At the nanoscale also entirely new physical properties may emerge, for instance at surfaces and interfaces of topological insulators where the spin of surface electrons is locked to their momentum, a property that is interesting in the context of spintronics. Work at the IFW Dresden in this area is a nice example of a very interdisciplinary research effort, combining the available experimental and theoretical expertise to investigate topologically protected surface states and transport properties, again combining synthesis, theory and experiment.
3.1 2D Systems and heterointerfaces
3.2 Quantum and nano-photonics
3.3 Functional molecular nanostructures and interfaces
3.4 Topological states of matter
This research area comprises materials whose physical, mechanical and chemical properties are to be optimized with respect to certain applications, prototypes and products. Usually this is achieved in close cooperation with partners from industry. In the case that scientific results are of economic importance intellectual property rights are secured. A large number of national and international patents and a high degree of licensing indicate their practical relevance .
A typical example are surface acoustic waves components. These are used in sensors and as frequency filters for the channel selection in signal transition. They consist of a piezo-electric single crystal chip which transforms electric signals in acoustic ones and back.
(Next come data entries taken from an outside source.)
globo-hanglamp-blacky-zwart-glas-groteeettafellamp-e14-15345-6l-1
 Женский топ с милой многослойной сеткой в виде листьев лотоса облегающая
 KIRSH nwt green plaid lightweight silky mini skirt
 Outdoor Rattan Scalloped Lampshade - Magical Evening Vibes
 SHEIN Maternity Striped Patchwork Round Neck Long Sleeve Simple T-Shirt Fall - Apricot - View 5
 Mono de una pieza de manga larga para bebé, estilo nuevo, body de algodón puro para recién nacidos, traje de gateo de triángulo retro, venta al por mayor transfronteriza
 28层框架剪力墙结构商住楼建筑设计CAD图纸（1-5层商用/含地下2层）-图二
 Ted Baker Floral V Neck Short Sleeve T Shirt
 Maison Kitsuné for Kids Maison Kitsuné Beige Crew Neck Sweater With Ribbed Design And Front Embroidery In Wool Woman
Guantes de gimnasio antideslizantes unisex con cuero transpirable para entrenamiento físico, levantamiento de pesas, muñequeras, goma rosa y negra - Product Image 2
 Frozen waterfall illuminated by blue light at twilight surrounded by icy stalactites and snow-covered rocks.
The IFW has contributed a number of innovations in this field, for example a considerable improvement of temperature stability and of electromechanical excitation by a special thin film material.
Further projects in this research area concern materials for bio-medical applications, alloys for high-strength materials, nanomembranes for flexible electronic devices and demonstrators for the application of high-temperature superconductors.
4.1 Surface acoustic waves: Concepts, materials & applications
4.2 Materials for energy storage
4.3 High strength and biocompatible alloys
4.4 FlexMag: Development centre for flexible magnetoelectronic devices
4.5 Concepts and materials for superconducting applications
Quantum materials are solids showing peculiar quantum phenomena related to unconventional spin interactions, electronic correlations, electron-photon interactions and/or topological bandstructures. Examples are superconductivity and magnetism. Quantum effects have also a strong influence in materials with spatial extension constraint to the nanometer scale, like nanoparticles, thin films or nanotubes.
Functional materials exhibit special physical, mechanical or chemical properties which enable them to fulfil a specific function in devices, e.g. conducting electric current, filter acoustic waves of a certain frequency, shielding magnetic fields or storing energy.
Nanoscale materials are solids or structures whose length scale comes in one or more dimensions to 100 nanometers or less. This can change their physical and chemical properties a lot and opens up space for new functionalities. In this context molecular nanostructures, inorganic nanomembranes, nanoparticles, nanocrystalline alloys and lithographically prepared nanostructures are studied at the IFW Dresden.